Finetuning Transformer Models

This tutorial shows how to finetune pretrained transformer models (like wav2vec2, WavLM, HuBERT) for your specific classification or regression task.

Reference: Nkululeko: How to finetune a transformer model

Overview

Since version 0.85.0, Nkululeko supports finetuning transformer models with HuggingFace.

Finetuning means training the entire pretrained transformer with your data labels, as opposed to only using the last layer as embeddings (which is what type = ['wav2vec2'] does in [FEATS]).

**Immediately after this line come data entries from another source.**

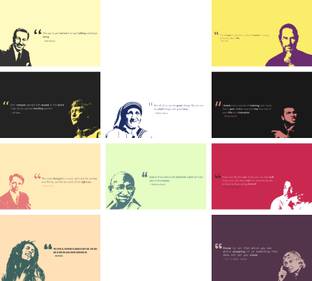 Motivational Wall Posters and Inspirational Quotes for Office, Home and gym, (Steve Jobs, Bill Gates, Abdul kalam, Walt Disney, Muhammad ali, Mahatma Gandhi and More) (Pack of 10) (A4 -Size) Paper Print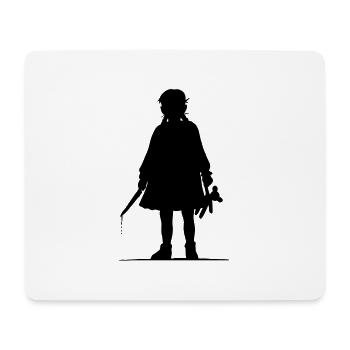 Killerinstinkt - Mousepad (Querformat) - Weiß - Vorne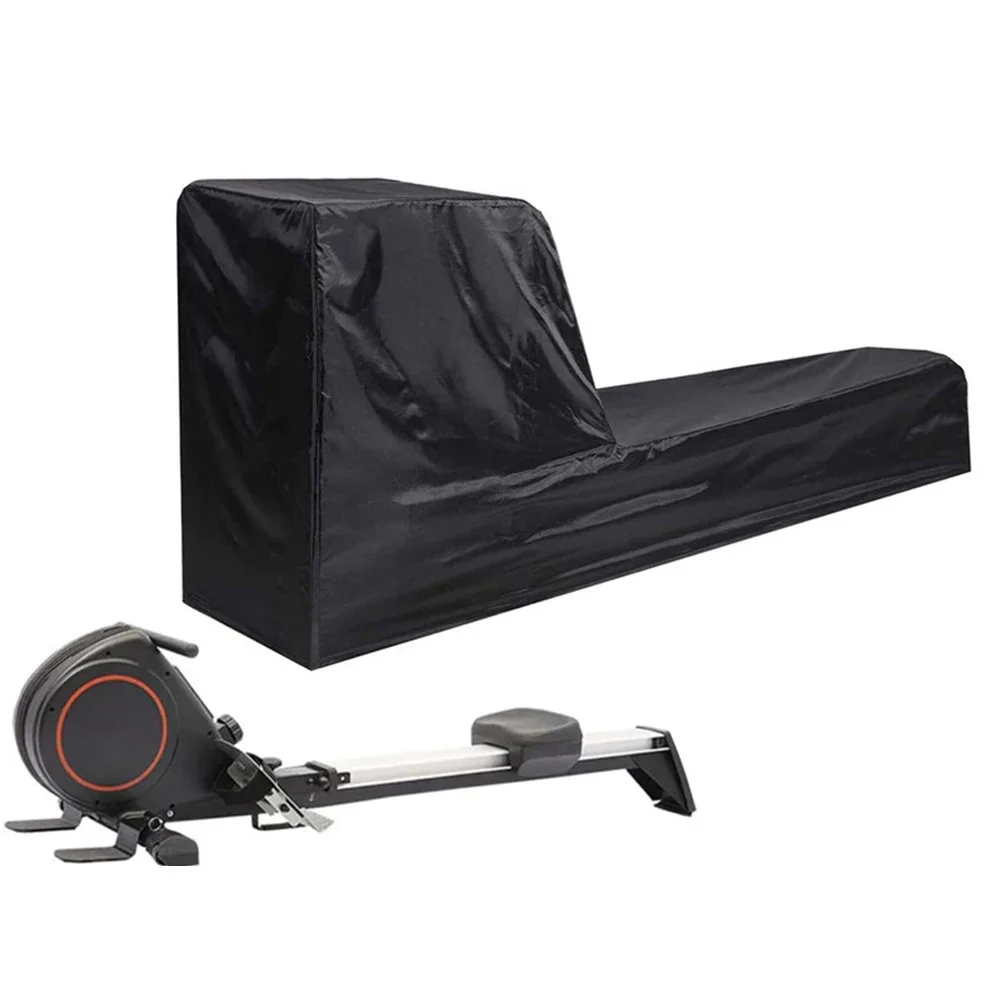 

Oxford Cloth Waterproof Rowing Machine Cover for Outdoor Storage 241x61x100cm Black Dust Cover for Home Gym Equipment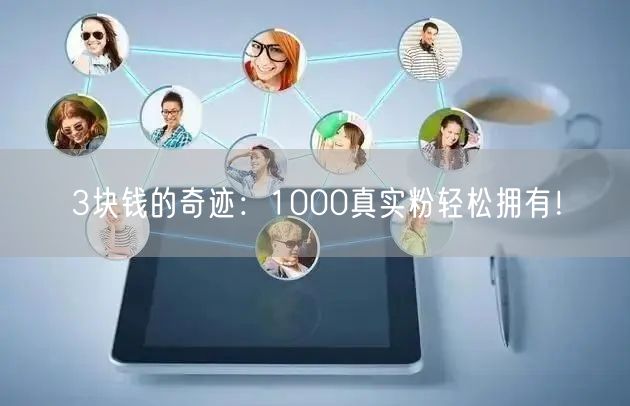 3块钱的奇迹：1000真实粉轻松拥有！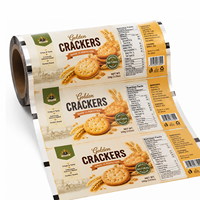Film d'emballage souple personnalisé pour crackers, film d'emballage alimentaire de qualité alimentaire, emballage pour snacks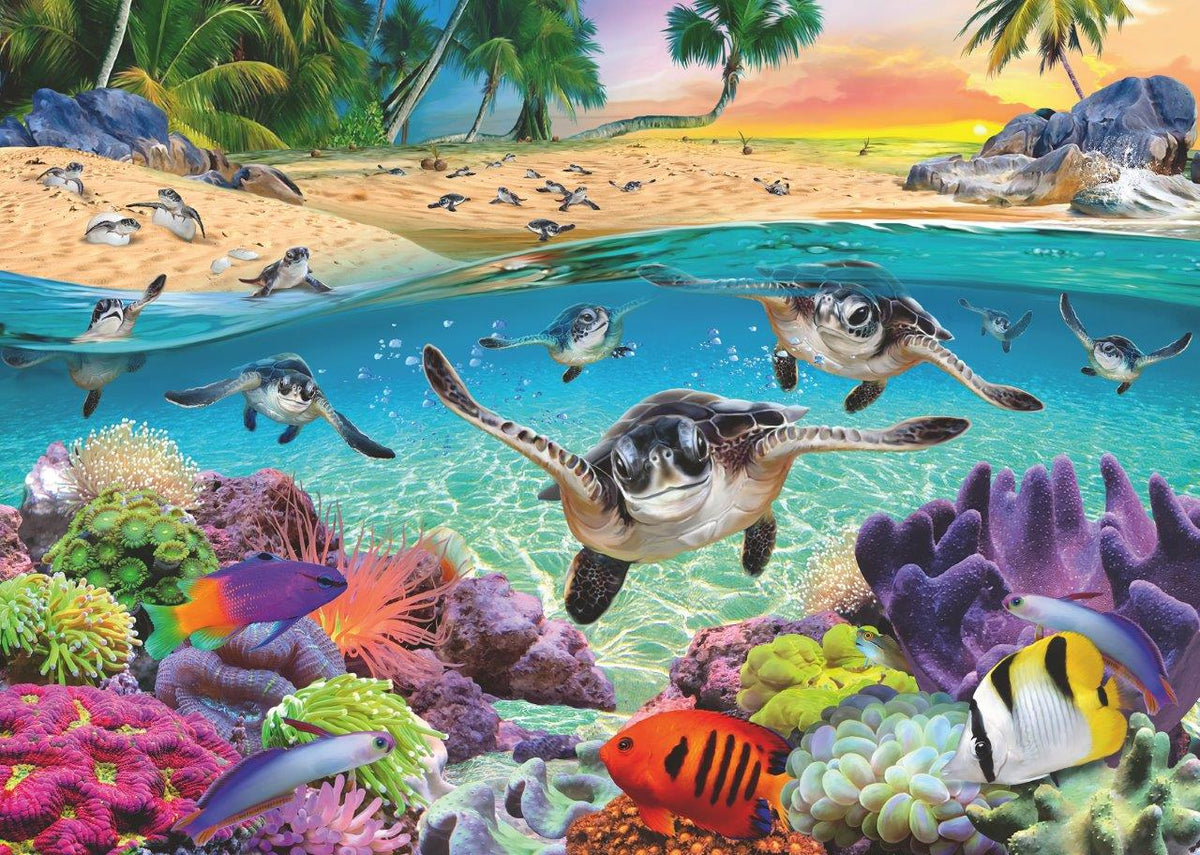 Race of the Baby Sea Turtles 500pcLF [Ravensburger Puzzle]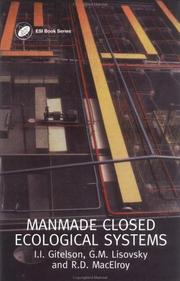 Cover of: Manmade closed ecological systems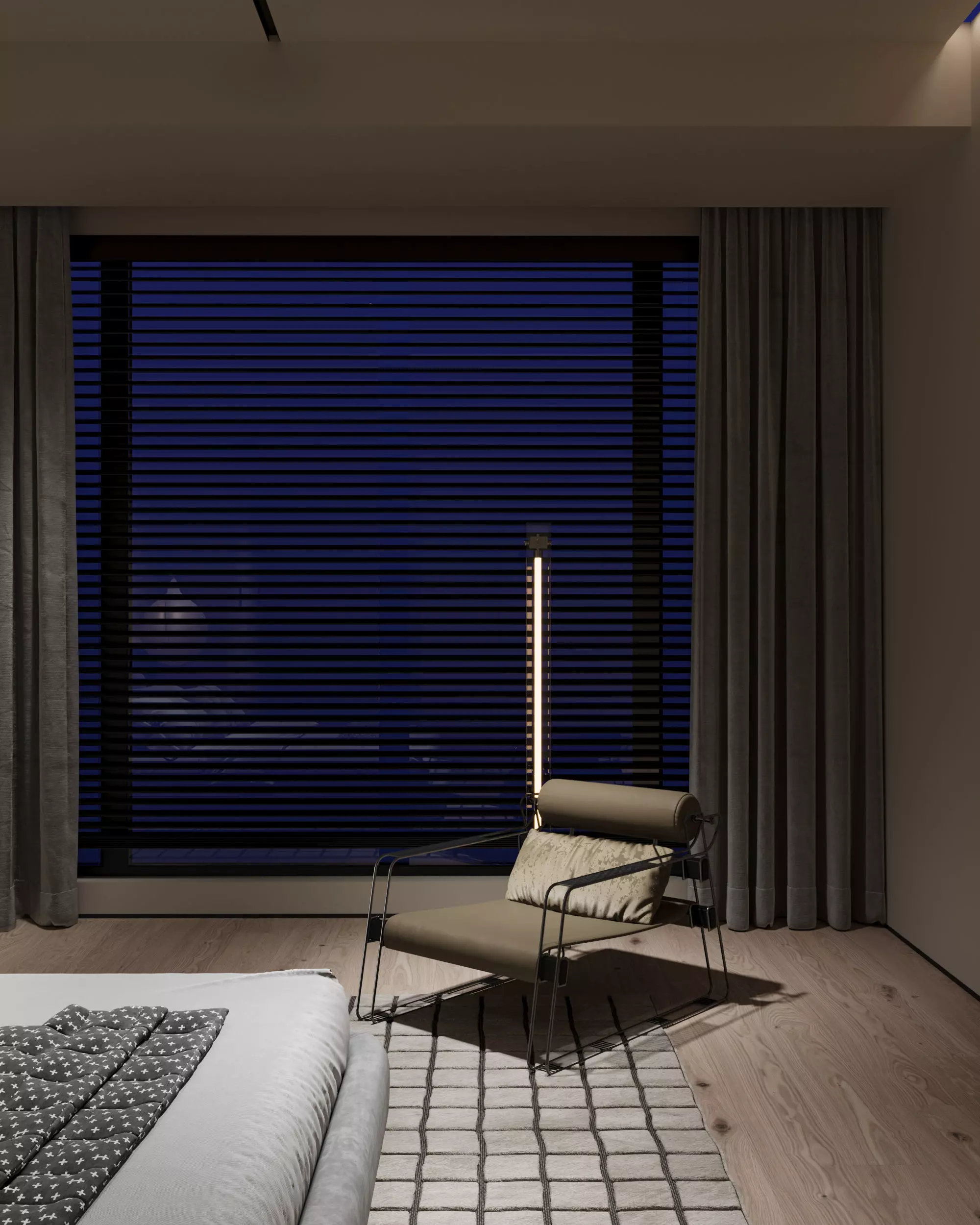 Bedroom interior scenes  3D model_3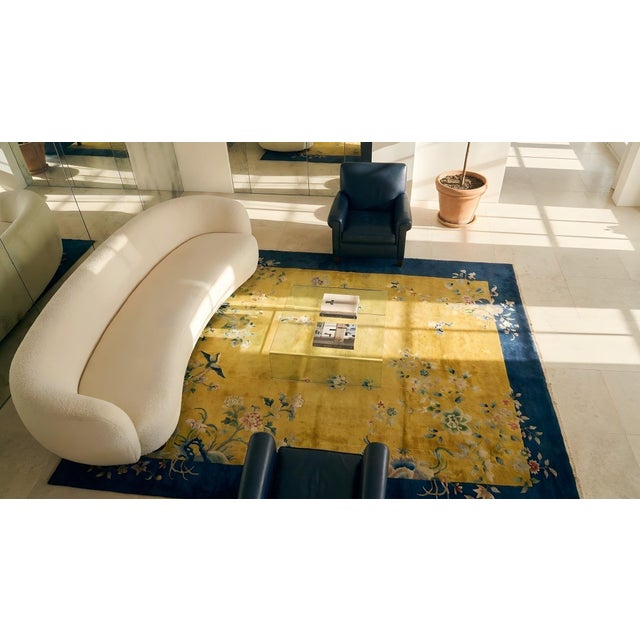 1920s Chinese Art Deco Carpet ( 9' x 11'6" - 275 x 350 cm ) For Sale - Image 9 of 10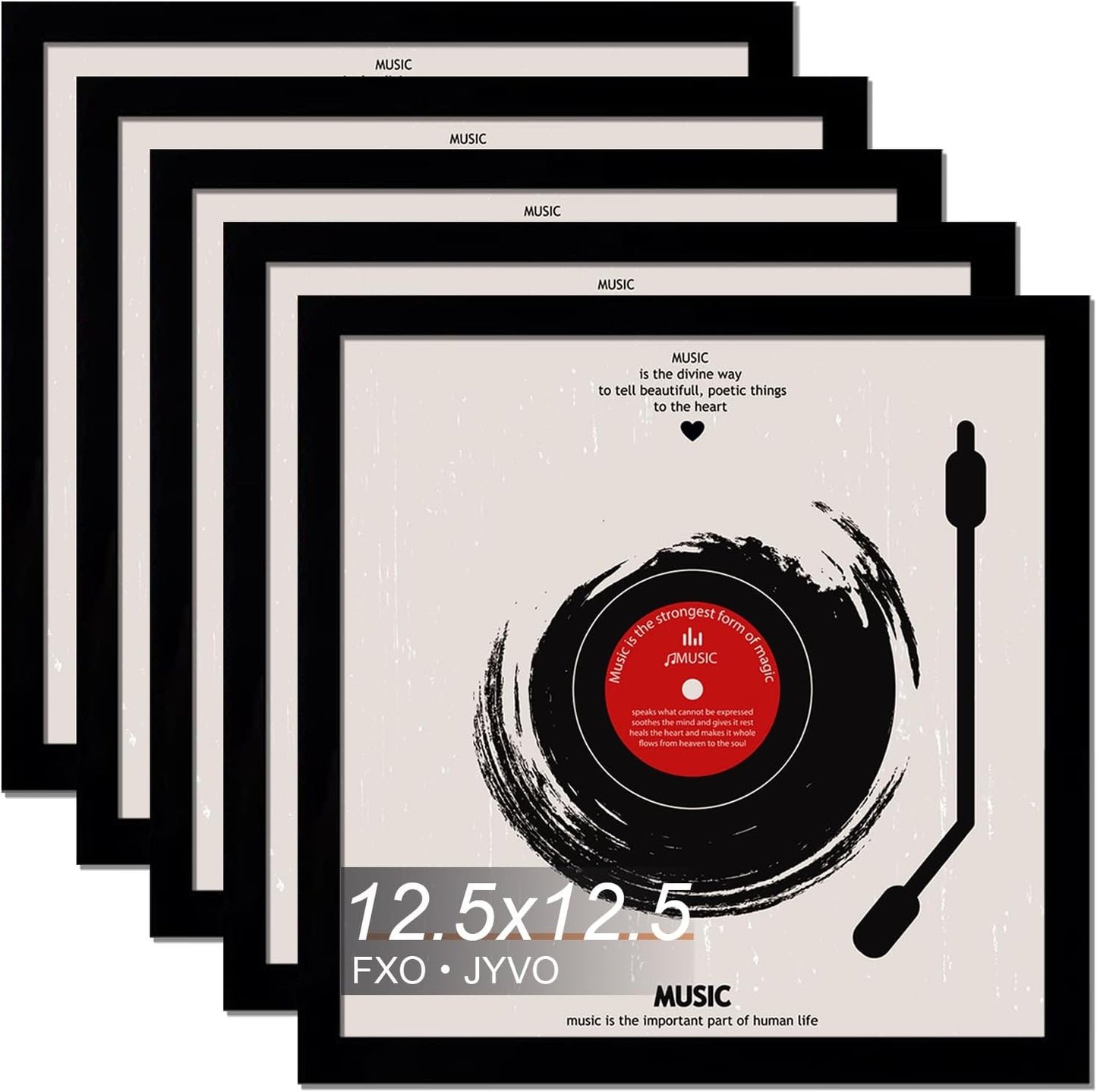 Vinyl Record Frame for Wall Display - 12 Inch LP Cover Holder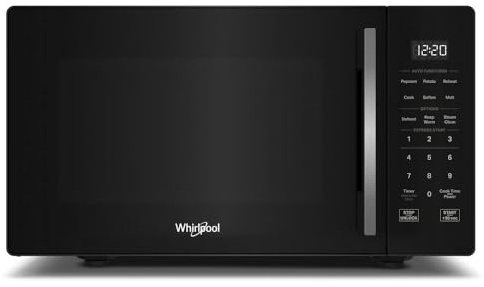 Whirlpool WMCS3019RB Countertop Microwave with Turntable 0.9 Cu. Ft, Steam Clean, 900 Watt Microwave, Black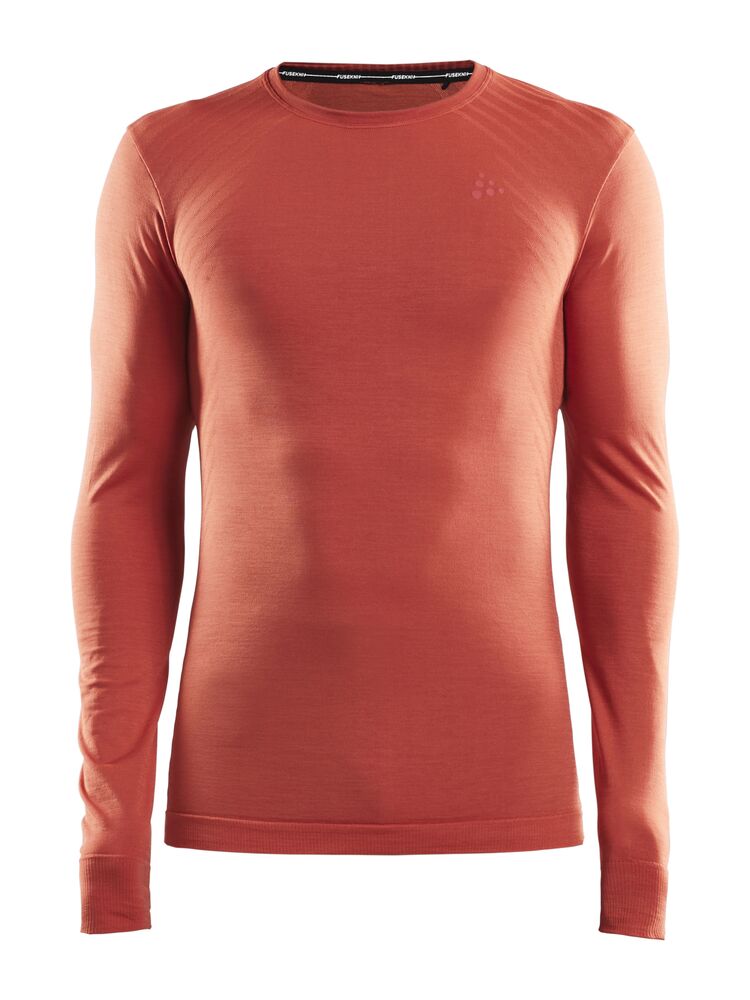 Fuseknit Comfort RN LS M von Craft – Pepper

When to Finetune vs Use Embeddings

Approach

When to Use

Embeddings ([FEATS] type = ['wav2vec2'])

Small datasets, quick experiments, limited GPU

Finetuning ([MODEL] type = finetune)

Large datasets, best performance, GPU available

Basic Configuration

To finetune a transformer model:

[EXP]
root = ./examples/results/
name = wavlm_finetuned
epochs = 5

[DATA]
databases = ['emodb']
emodb = ./data/emodb/emodb
emodb.split_strategy = speaker_split
target = emotion

[FEATS]
; Features should be empty for finetuning
type = []

[MODEL]
type = finetune

Key Points

  • [FEATS] type = [] - Must be empty because the transformer model has its own CNN layers for acoustic feature extraction

  • [MODEL] type = finetune - Triggers finetuning mode

  • Maximum audio duration: 8 seconds by default (rest is ignored)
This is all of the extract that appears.